Law firms, a law unto themselves?
Law firms have proved to be reluctant to embrace transparency, with many remaining unregistered, and of those that have registered, many violating the requirement to disclose their lobby clients. Since ALTER-EU's report, at least two such firms - 'White and Case' and 'Reed Smith LLP' – have been suspended from the Register for breaching this guideline, according the Register's secretariat.
Reed Smith LLP has now been reinstated, having amended their entry to include a client list. However, despite declaring a lobby budget of 10 million euros, they list only one client, bringing in a turnover of less than 50 thousand euros. Even more curiously, Reed Smith LLP lists zero persons as being involved in their ten million euro lobbying practice, and leaves the section on main EU initiatives lobbied on blank. CEO believes that it is staggering that Reed Smith's revised entry, riddled with contradictory information and glaring omissions, was reinstated merely because they listed one client. We have submitted a complaint that Reed Smith's updated entry still violates the guidelines.

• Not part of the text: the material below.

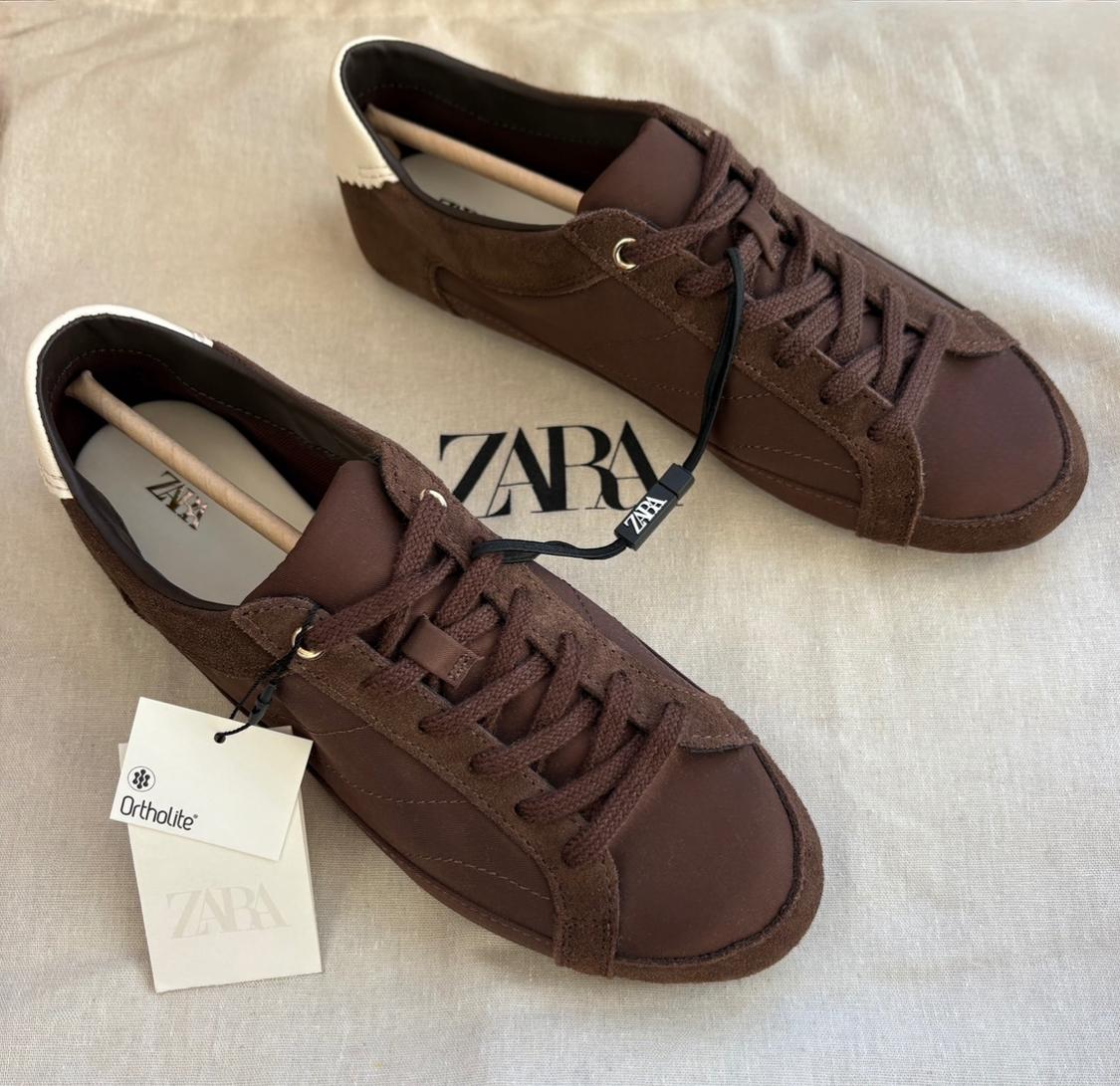 Brown lace-up trainers with a white heel on fabric. Visible text: ZARA and Ortholite on the background and labels.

White and Case LLP remains suspended, but despite their suspension, the register's list of persons accredited for access to the European Parliament still includes White & Case LLP and their registered lobbyist Kritikos Mihalis. We therefore also contacted the Register to inquire whether their access pass (which is conditional on being in the Transparency Register) has in fact been removed.

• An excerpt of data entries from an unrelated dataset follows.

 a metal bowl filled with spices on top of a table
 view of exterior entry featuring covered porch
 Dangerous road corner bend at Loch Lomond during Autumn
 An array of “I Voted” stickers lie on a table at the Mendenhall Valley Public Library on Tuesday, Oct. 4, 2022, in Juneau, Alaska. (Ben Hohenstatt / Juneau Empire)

CEO also submitted a complaint about Linklaters LLP, which has also failed to declare its clients. According to its entry, “Linklaters LLP does not engage in lobbying related activities but exclusively provides legal advice to its clients”. This appears to be misleading as activities falling under the remit of 'interest representation' include any activity which tries directly or indirectly to influence policy-making. This evidently includes advocacy towards the European institutions, and Linklaters website states that they have “a proven track record of advocacy before the European Commission”. Under 'main EU initiatives covered the year before by activities falling under the scope of the Transparency Register', they note several policy dossiers, including financial regulation MiFID and the Capital Requirements Directive.
Time to make it matter
Unless failing to meet the requirements of the Register and its guidelines has consistent consequences, in practice, the Transparency Register cannot serve its purpose. CEO is concerned by the apparently superficial approach taken by the secretariat in reinstating entries that still violate the guidelines. Moreover, the number of entries that have not been suspended despite clear breaches of the guidelines suggests an even greater problem.
- Weblinks to entries in Transparency Register all accessed on 27/09/12.